/SimpNet

SimpNet Paper Files (Towards Principled Design of Deep Convolutional Networks: Introducing SimpNet)

Primary LanguagePython

Towards Principled Design of Deep Convolutional Networks: Introducing SimpNet

SimpNet

This repository contains the architectures, pretrained models, logs, etc pertaining to the SimpNet Paper (Towards Principled Design of Deep Convolutional Networks: Introducing SimpNet) : https://arxiv.org/abs/1802.06205

Abstract :

Major winning Convolutional Neural Networks (CNNs), such as VGGNet, ResNet, DenseNet, etc, include tens to hundreds of millions of parameters, which impose considerable computation and memory overheads. This limits their practical usage in training and optimizing for real-world applications. On the contrary, light-weight architectures, such as SqueezeNet, are being proposed to address this issue. However, they mainly suffer from low accuracy, as they have compromised between the processing power and efficiency. These inefficiencies mostly stem from following an ad-hoc designing procedure. In this work, we discuss and propose several crucial design principles for an efficient architecture design and elaborate intuitions concerning different aspects of the design procedure. Furthermore, we introduce a new layer called SAF-pooling to improve the generalization power of the network while keeping it simple by choosing best features. Based on such principles, we propose a simple architecture called SimpNet. We empirically show that SimpNet provides a good trade-off between the computation/memory efficiency and the accuracy solely based on these primitive but crucial principles. SimpNet outperforms the deeper and more complex architectures such as VGGNet, ResNet, WideResidualNet \etc, on several well-known benchmarks, while having 2 to 25 times fewer number of parameters and operations. We obtain state-of-the-art results (in terms of a balance between the accuracy and the number of involved parameters) on standard datasets, such as CIFAR10, CIFAR100, MNIST and SVHN.

The main contributions of this work are as follows:

  1. Introducing several crucial principles for designing deep convolutional architectures, which are backed up by extensive experiments and discussions in comparison with the literature.

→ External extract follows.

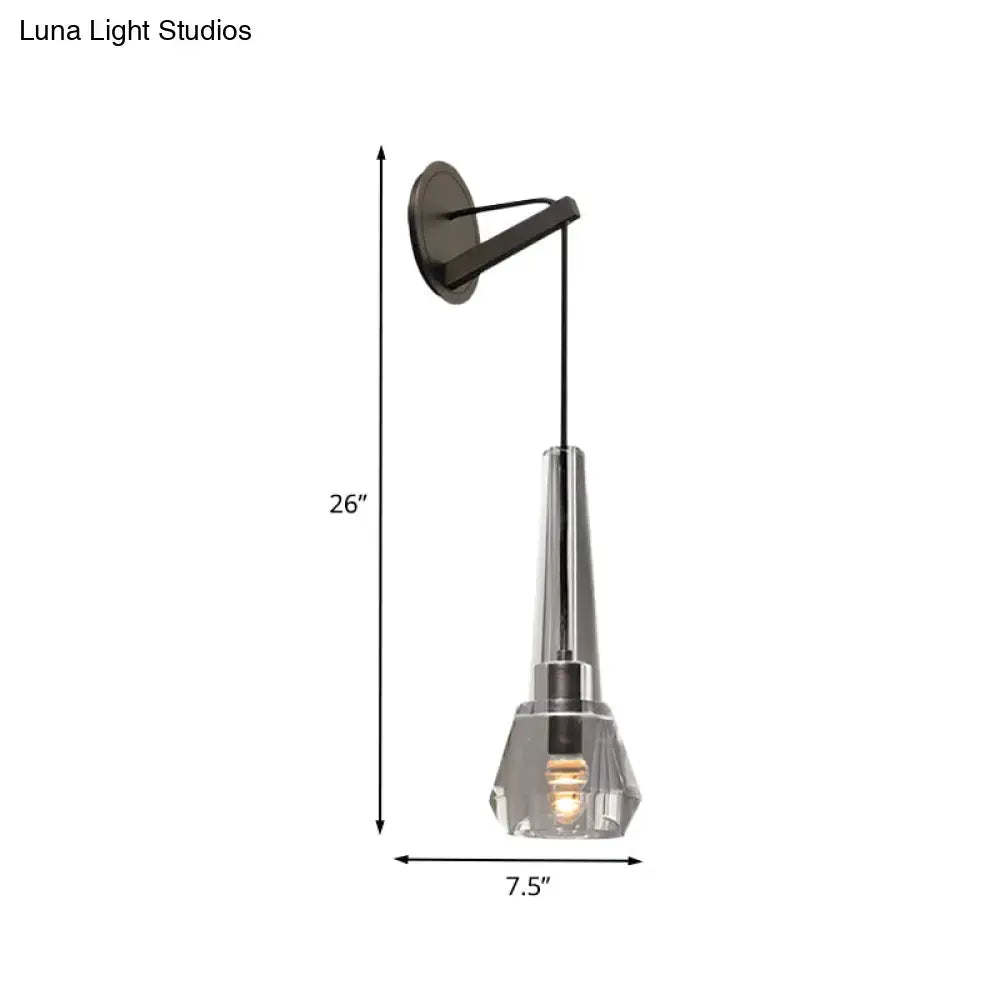 Modern chrome crystal wall lamp with brushed black metal mount, clear glass shade, and dangling cord fixture type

  2. Based on such principles, It puts under the test the validity of some of the previously considered best practices. such as Strided Convolutions vs MaxPooling, Overlapped Pooling vs Nonoverlapped Pooling, etc. Furthermore, it tries to provide intuitive understanding of each point as to why one should be used instead of the other.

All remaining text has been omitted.